### [DATASET SECTION]
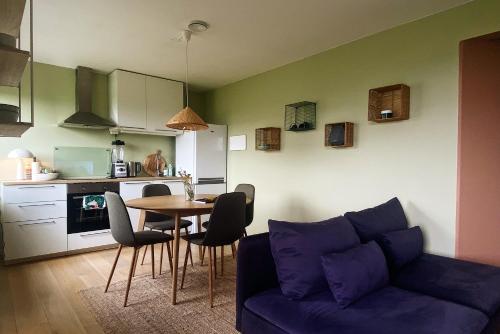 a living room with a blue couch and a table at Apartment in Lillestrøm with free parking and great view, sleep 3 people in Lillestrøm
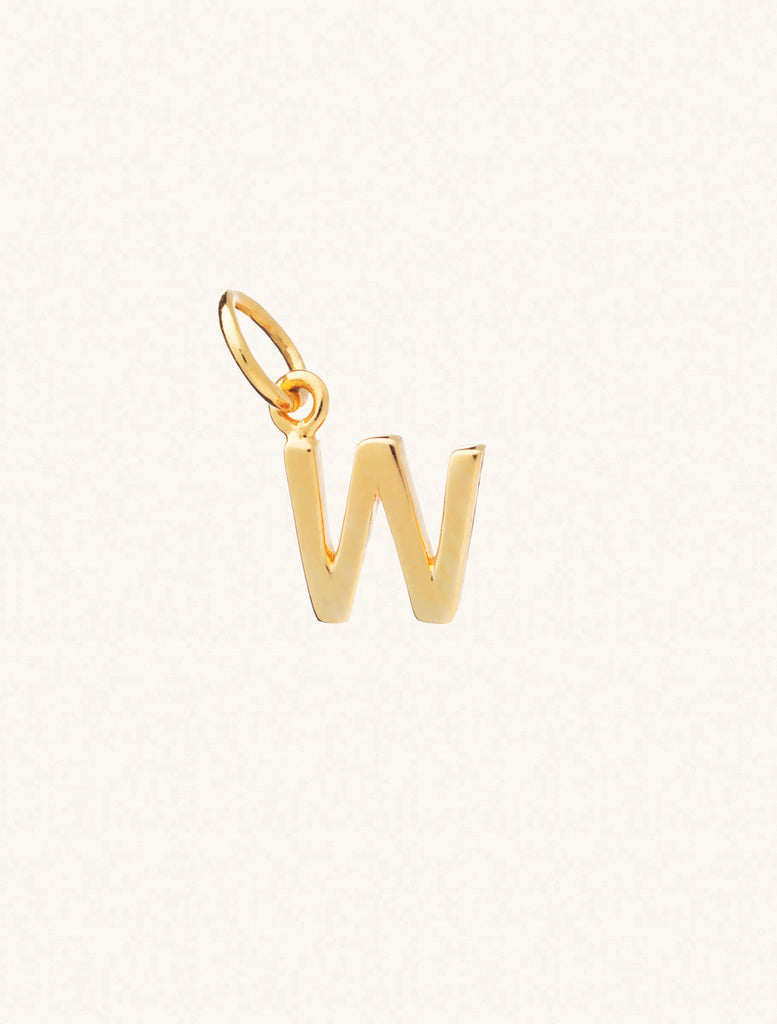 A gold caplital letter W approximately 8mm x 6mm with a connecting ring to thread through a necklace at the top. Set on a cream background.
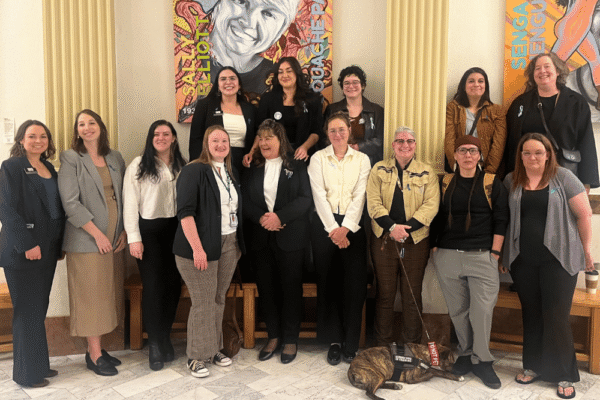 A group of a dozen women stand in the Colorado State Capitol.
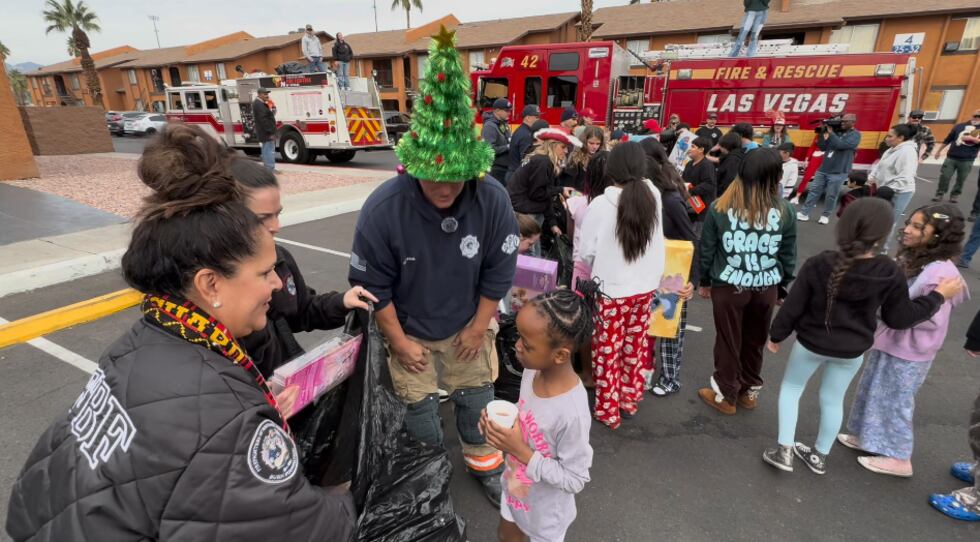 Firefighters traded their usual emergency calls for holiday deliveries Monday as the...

### [ABOUT THIS EXERCISE]
Copy the data above word for word. Pictures stay out.

### [EXERCISE RESPONSE]
 a living room with a blue couch and a table at Apartment in Lillestrøm with free parking and great view, sleep 3 people in Lillestrøm
 A gold caplital letter W approximately 8mm x 6mm with a connecting ring to thread through a necklace at the top. Set on a cream background.
 A group of a dozen women stand in the Colorado State Capitol.
 Firefighters traded their usual emergency calls for holiday deliveries Monday as the...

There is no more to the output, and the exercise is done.